DATABASE SETTINGS | LOG TRUNCATION | DROP CDC JOBS? | NOTES |
---|---|---|---|
Full Recovery mode | Controlled by Fivetran | Yes | If no sync is running with the CDC tables and/or Articles in place, the transaction log will grow because the truncation point for replication is not released. |
Simple Recovery mode | Controlled by Fivetran | Yes | If no sync is running with the CDC tables and/or Articles in place, the transaction log will grow because the truncation point for replication is not released. |
Read-only secondary replica in Always On Availability Group | Controlled by Customer | Yes | You need to have a separate job or task for managing the replication truncation point. For example, you might set up a separate SQL Server Agent job to unconditionally call sp_repldone at regular intervals. The agent will drop/disable SQL Server's Agent jobs. However, as long as the scheduled log release task runs, the truncation point for replication is managed properly, even if the sync is not running. This method works alongside another replication or CDC solution, provided the scheduled log release task meets the requirements of the other solution. |
SQL Server's native replication or non-HVA CDC usage (i.e., any CDC instances not created by the HVA connector). CDC instances created by HVA are named hvr_<object_id> . | Controlled by Customer | No | The agent does not drop or disables the native SQL Server Agent jobs created alongside CDC tables and/or Articles. Also, the agent does not interfere with the release of the truncation point for replication. However, using CDC tables to enable supplemental logging can lead to I/O overhead, as SQL Server jobs copy each change to a CDC table, which may not be used. |
NOTE: If log truncation is
Controlled by Customer
, HVA will not handle the log truncation for you. It is your responsibility to manage log growth, either manually or through SQL Server Agent.

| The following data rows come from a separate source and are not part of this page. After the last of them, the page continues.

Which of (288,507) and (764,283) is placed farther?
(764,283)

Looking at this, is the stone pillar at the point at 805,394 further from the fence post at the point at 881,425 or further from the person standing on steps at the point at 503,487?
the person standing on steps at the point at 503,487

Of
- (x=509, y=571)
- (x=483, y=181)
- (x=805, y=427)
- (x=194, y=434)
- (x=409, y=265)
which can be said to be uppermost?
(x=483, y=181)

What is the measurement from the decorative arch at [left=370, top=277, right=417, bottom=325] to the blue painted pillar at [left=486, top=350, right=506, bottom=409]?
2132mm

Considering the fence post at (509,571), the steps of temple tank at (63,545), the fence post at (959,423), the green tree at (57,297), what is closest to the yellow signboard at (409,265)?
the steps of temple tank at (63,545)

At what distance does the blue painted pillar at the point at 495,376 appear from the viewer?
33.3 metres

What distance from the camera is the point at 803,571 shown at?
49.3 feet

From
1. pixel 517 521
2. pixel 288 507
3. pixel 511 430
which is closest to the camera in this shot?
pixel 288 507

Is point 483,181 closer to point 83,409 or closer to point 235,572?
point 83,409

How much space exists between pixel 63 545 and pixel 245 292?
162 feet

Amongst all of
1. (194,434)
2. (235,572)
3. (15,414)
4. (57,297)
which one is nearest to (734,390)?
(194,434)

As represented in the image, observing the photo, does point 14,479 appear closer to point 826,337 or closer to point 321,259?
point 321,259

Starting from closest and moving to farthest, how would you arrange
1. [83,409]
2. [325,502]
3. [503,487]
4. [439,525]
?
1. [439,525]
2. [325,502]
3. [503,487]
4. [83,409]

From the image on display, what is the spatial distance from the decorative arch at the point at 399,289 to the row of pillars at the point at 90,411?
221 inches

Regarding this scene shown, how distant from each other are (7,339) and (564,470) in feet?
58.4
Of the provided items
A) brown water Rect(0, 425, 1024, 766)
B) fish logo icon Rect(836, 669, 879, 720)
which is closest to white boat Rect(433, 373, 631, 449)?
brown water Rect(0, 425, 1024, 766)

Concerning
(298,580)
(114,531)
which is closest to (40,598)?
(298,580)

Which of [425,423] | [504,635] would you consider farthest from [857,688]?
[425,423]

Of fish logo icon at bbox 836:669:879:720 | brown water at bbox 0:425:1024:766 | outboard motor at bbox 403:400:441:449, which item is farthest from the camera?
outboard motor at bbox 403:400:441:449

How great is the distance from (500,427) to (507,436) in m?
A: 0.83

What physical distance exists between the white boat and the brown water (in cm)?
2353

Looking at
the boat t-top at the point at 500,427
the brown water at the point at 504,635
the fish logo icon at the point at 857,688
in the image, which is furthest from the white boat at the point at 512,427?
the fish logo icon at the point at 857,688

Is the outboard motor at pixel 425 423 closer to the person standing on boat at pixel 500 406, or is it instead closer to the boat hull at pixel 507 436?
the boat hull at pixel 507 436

One way to manually move the log is to create a job to run the sp_repldone
procedure.
EXEC sp_repldone @xactid = NULL, @xact_segno = NULL, @numtrans = 0, @time = 0, @reset = 1
NOTE: The
sp_repldone
procedure does not truncate anything; it just moves the truncation point for a backup to handle truncation.
The frequency of log truncation depends on how long you intend to retain transactions and your available disk space. Log truncation should not occur more frequently than your connector sync frequency to ensure all transactions are processed. It is recommended to set a log retention period of a few days.
Changing recovery model
When switching the database recovery model from full to either bulk-logged or simple, the format of the transaction logs changes. This can cause your connector to fail. To resolve this issue, you should revert the recovery model back to full and then initiate the connector resync. This is required to ensure full integrity of the delivered data in future.
Migrating service providers
If you want to migrate service providers, you need to do a full re-sync of your data because the new service provider won't retain the same change tracking data as your original SQL Server database.